Когда я пришел к ним вторично, старика не было дома — он уехал в Гаттатико на заседание общинного совета. Невестка готовила корм для кур — да так и сидела с желтыми от корма руками все время, что мы с ней беседовали. Рядом стоял ее сынок в очках. И в этот раз я не осмелился как следует осмотреть жилище, заметил только автомобильные покрышки и камеры, висевшие на большом гвозде, а на заднем дворе — грузовичок с сельскохозяйственным инвентарем, принадлежавший, наверно какому-нибудь коммивояжеру, продававшему инструмент крестьянам. По дороге на кладбище, где похоронены братья Черви, нам повстречалось много людей, среди них девушка на велосипеде со свернутым красным знаменем на плече Один из местных жителей рассказал нам, что арка, под которой погребены семеро братьев, очень узкая, под ней с трудом можно пронести на плечах гроб, но старый Черви тем, кто предлагает расширить проход, отвечает: «Не надо беспокоить моих сыновей, хватит их переносить с места на место». Врач запретил старику разговаривать во время его недавней простуды и не велел никому его навещать. На это Черви возразил, что если к нему не будут приходить люди, то он тотчас умрет, ведь тогда все сразу же оживет в его памяти.
Сотрудничество (апрель 1954)Кино — это такая форма сотрудничества, при которой каждый старается стереть следы работы другого.
СценарийКинодраматург начал сценарий так: «Паола была нежной юной девушкой». В соседней комнате продюсер отдавал распоряжения, подписывал чеки, звонил по телефону. Внизу во дворе грохотали подъемные краны и грузовики с осветительной аппаратурой, режиссер давал интервью журналистам. Машина была пущена в ход еще до того, как сценарист придумал сюжет фильма. Тогда он зачеркнул первую фразу и написал: «Паола была потаскухой».

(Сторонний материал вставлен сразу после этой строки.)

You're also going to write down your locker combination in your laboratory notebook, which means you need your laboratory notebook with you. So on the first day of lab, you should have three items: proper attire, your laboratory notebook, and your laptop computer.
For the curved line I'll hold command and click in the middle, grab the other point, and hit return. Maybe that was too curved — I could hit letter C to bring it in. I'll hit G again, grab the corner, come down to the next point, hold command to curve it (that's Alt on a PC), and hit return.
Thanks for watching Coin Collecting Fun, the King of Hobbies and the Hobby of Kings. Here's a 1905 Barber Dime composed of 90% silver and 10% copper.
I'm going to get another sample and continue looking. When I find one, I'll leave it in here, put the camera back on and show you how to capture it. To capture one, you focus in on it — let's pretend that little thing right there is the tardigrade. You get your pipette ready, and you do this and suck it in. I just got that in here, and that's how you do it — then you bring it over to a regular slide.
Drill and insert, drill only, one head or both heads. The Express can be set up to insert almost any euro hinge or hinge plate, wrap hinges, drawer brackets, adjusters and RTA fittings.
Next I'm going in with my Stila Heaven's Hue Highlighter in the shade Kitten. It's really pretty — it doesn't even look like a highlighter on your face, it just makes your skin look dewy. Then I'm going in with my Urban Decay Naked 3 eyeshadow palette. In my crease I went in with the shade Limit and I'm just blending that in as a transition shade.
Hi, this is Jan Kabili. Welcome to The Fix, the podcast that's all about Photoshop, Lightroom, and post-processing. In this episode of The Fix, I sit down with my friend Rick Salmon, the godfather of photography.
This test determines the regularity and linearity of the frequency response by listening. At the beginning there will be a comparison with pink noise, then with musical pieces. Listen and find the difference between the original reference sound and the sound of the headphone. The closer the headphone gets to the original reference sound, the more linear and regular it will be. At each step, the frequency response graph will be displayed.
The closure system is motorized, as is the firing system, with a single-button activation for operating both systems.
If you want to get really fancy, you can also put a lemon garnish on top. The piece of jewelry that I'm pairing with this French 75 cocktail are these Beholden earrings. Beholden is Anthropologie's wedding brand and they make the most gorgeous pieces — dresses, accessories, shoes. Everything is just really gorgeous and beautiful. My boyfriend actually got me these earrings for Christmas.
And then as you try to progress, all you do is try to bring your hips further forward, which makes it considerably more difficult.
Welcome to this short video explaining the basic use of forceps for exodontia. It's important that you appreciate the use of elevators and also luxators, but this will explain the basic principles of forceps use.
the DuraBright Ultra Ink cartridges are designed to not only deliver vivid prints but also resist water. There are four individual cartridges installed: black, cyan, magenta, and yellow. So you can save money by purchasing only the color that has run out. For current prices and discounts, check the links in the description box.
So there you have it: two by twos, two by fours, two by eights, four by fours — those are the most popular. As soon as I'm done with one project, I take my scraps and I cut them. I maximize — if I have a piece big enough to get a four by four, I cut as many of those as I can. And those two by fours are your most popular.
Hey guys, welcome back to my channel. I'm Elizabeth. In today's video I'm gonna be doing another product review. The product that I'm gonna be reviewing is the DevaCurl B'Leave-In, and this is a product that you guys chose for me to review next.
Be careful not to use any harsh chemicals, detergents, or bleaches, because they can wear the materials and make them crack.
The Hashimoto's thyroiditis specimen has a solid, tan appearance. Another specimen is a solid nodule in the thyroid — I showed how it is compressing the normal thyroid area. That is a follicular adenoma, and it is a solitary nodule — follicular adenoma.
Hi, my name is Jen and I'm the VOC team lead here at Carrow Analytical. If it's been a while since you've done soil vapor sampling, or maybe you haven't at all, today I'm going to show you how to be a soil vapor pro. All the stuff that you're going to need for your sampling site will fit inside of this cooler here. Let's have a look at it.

РазрешениеВилларота, около Тиграи, — квартал, где живет беднота. Женщины там изготовляют солому для шляп. Одна из них громко зовет другую: «Синьора Мария!» Та высовывается в окно. «Вы ничего не имеете против, — кричит снизу женщина, — если ваша дочь пойдет просить милостыню вместе с моей?» — «Нет, конечно нет», — отвечает синьора Мария.